Ayşe is one of the 3 million asylum seekers living in Turkey. She is one of the beneficiaries participating in vocational training courses given at the Turkish Red Crescent's 's Ankara Altındağ Community Center free of charge. "I want to open my own hairdressing salon in the future," says Ayşe, after nine months of hairdressing training. "I live in this neighborhood. I was so bored at home and we had economic problems. My husband works as a carpenter whenever he can get a job. I have learned that there is a community center here and free courses are provided. For now, I only do the hair of the people in the neighborhood I live to improve." 

The Turkish Red Crescent Ankara Community Center has been supporting foreign nationals living in Turkey, especially Syrians, since 2015. The Community Center, supported by the European Union, provides vocational training courses, which give new hope of employment to the thousands of people who have migrated to Turkey. There are community centers of the Turkish Red Crescent in cities such as İstanbul, Bursa, Şanlıurfa, Adana, Mersin, Konya, Kilis and İzmir. Şanlıurfa, Kilis, İstanbul, Ankara and Konya community centers are financed by the European Union. The salaries of the trainers, the administrative costs, the materials necessary for the courses are covered by this fund. The project is jointly implemented by the Danish Red Crescent in cooperation with the Turkish Red Crescent.

Ayse's 14-year-old son, Yusuf, is also watching his mother with curious eyes, reportedly also witnessing her trials with neighbors at home. Yusuf relates their journey from Syria to Turkey as follows: "There was war in Syria, people were dying. We thought we could not live there any longer, we could not sleep at night. Uncle came home one day and said 'You cannot stay here anymore' and we went on our way. It took us two days to arrive to Turkey. First we reached Kilis, then we settled in Ankara." "If there was no war in our country, I wanted to go to school and be a police officer," says Yusuf. However, this is not the end of Yusuf's path, as the Community Center has opened a window of opportunity for him by enabling him to register for the school he wants with the help of the center's officials.
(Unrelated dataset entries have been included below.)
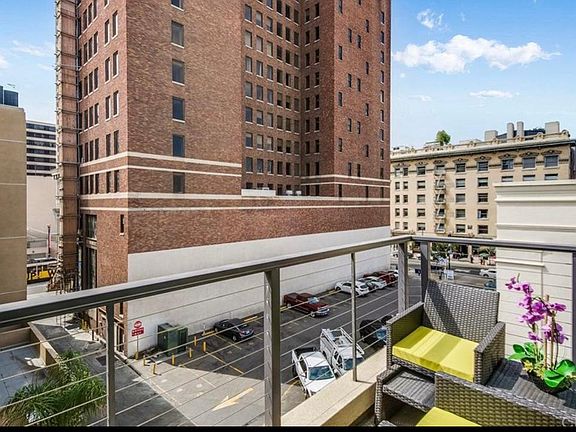 4th image of 133 The Promenade N Unit 416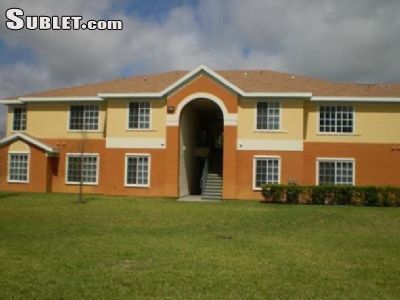 Building Photo - 715 Crestview Dr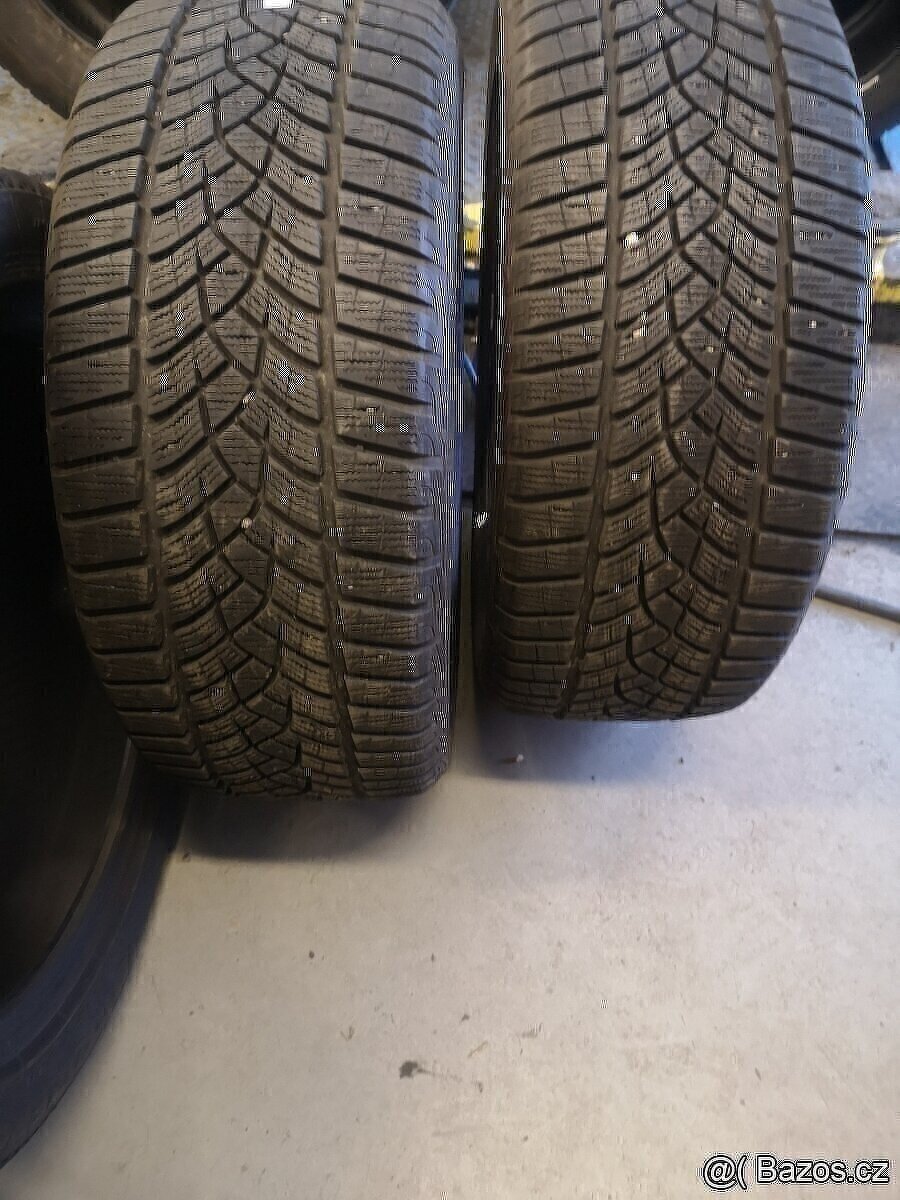 235/45 r18 235/45/18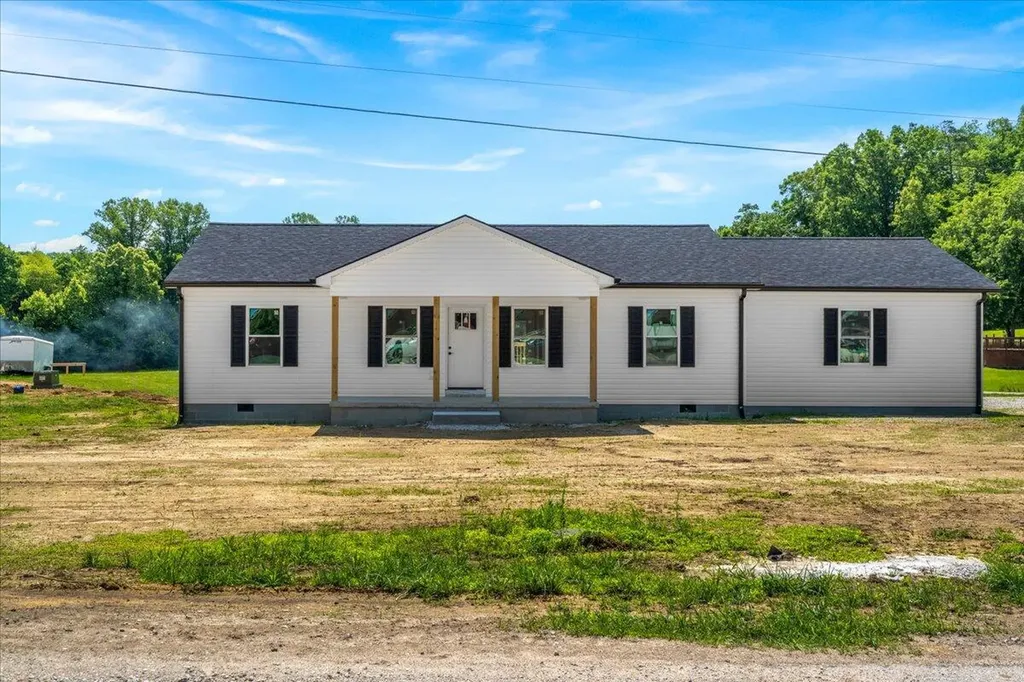 138 Ladonna Drive Clay City KY 40312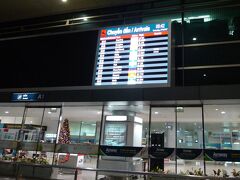 ▽タンソンニャット空港＜インターナショナル・ターミナル＞

前回のドンムアン空港ではお嬢の方が先に着いてしまう失敗をやらかしたが､今朝は大丈夫だった。

5時40分。まだ、到着していない。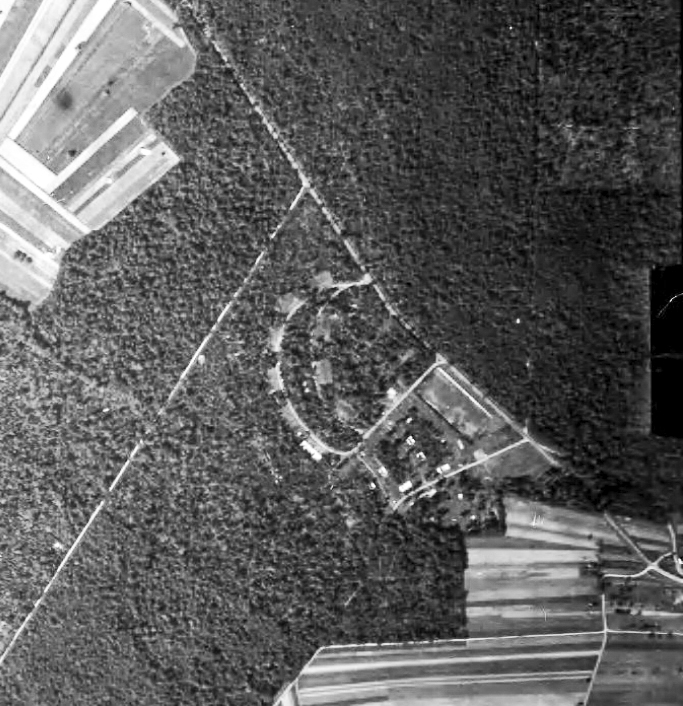 Ligne Maginot - BOIS DE DURRENENTZEN - (Dépôt de Munitions) - Vue aérienne des installations supposées du dépôt de munitions  - IGN - Géoportail 1950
Not only asylum seekers but also Turks benefit from the Turkish Red Crescent Community Center. Already one goal of the center is to bring these two communities together. In addition to Turkish lessons, there are courses like computer training, crafts, hairdressing, and Turkish and asylum-seekers living together. Although languages ​​and origins are different, their dreams are similar: to learn and to be productive.